Théodore GOUVY (1819-1898)
Symphony No. 2 in F major op. 12 (1848-49) [31:41]
Paraphrases Symphoniques op. 89 (1886) [14:22]
Fantaisie Symphonique (1879) [25:31]
Württembergische Philharmonie Reutlingen/Thomas Kalb
rec. Studio DRR, Württembergische Philharmonie, Germany, 11-12 March 2008, 15 July 2008, 17-18 September 2008. DDD
STERLING CDS-1087-2 [71:56]
Gouvy, a friend of Lalo, Massenet and Saint-Saens, suffered from the polarisation that racked the relationship between Germany and France in the nineteenth century and beyond. To the French he was too German and vice versa. His life’s trajectory took in Lorraine, Paris and Leipzig. There’s plenty to discover including a Requiem, an opera Le Cid, lots of chamber music and a sequence of symphonies into which CPO is making inroads. His music now benefits from the promotion of the Théodore Gouvy Institute, of the regional authorities of Alsace-Lorraine and Saarland and now of Sterling.
The Second Symphony’s first movement is redolent of Schumann in its melodic material but injected with a Mendelssohnian lightness. This can be heard in the more dramatic second movement which also carries a flavour of French opera-ballet. A placidly serene and unhurried Andante precedes a sprightly storm of a Finale. The latter has a seraphic second subject. This points up the Mendelssohnian vigour with real grace which not even the conventionality of the final sign-off gesture can efface.

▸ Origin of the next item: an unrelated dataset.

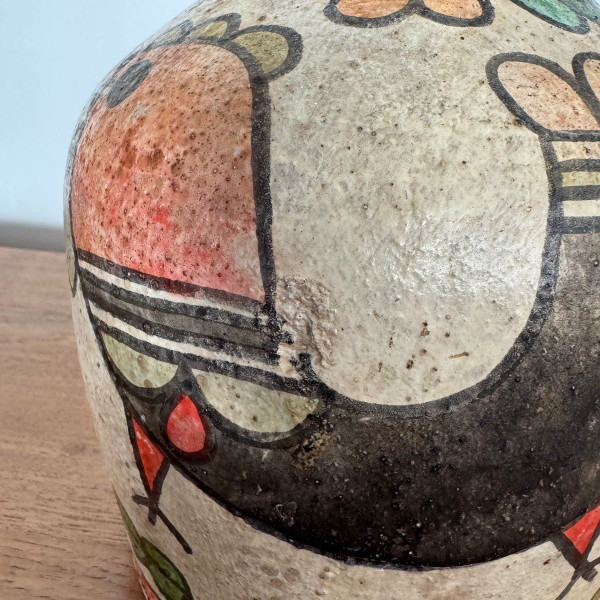 Lampe en céramique 1960 vintage Carmo Saude Portugal XXe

The Paraphrases Symphoniques - a theme and variations - was Gouvy's last orchestral work. It has something of Brahms’ geniality and dark clouds about it as in the St Anthony Variations and the Tragic Overture. The Fantaisie Symphonique is the orchestral version of the Fantasy for Two Pianos in G minor. It’s in three movements. There’s a long and very serious beetling Grave with pre-echoes of Tchaikovsky’s Hamlet about it. It’s shot through with grand dramatic gestures from the vocabularies of Schumann and Mendelssohn. This long first movement is rather like a dramatic Mendelssohn concert overture such as Ruy Blas or The Fair Melusine. This is followed by a pulse-calming sweet-tempered Adagio. The slightly longer finale Alla breve steps forward with regal determination - a touch of the fugal and of the warlike about it. The two movements after the first are each about half the length of the first.

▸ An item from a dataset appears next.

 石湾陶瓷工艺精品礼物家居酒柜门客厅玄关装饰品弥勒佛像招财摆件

These are pleasing romantic works which, for the most part, stay within the glossaries established by Mendelssohn, Schumann and Brahms. If you enjoy the unnumbered symphonies of Saint-Saens and the various symphonies by Méhul I think you will like these very much. These are spirited and engaging readings of music hitherto lost in the choking dust of the nineteenth century and now rescued. It’s all done in typical Sterling style.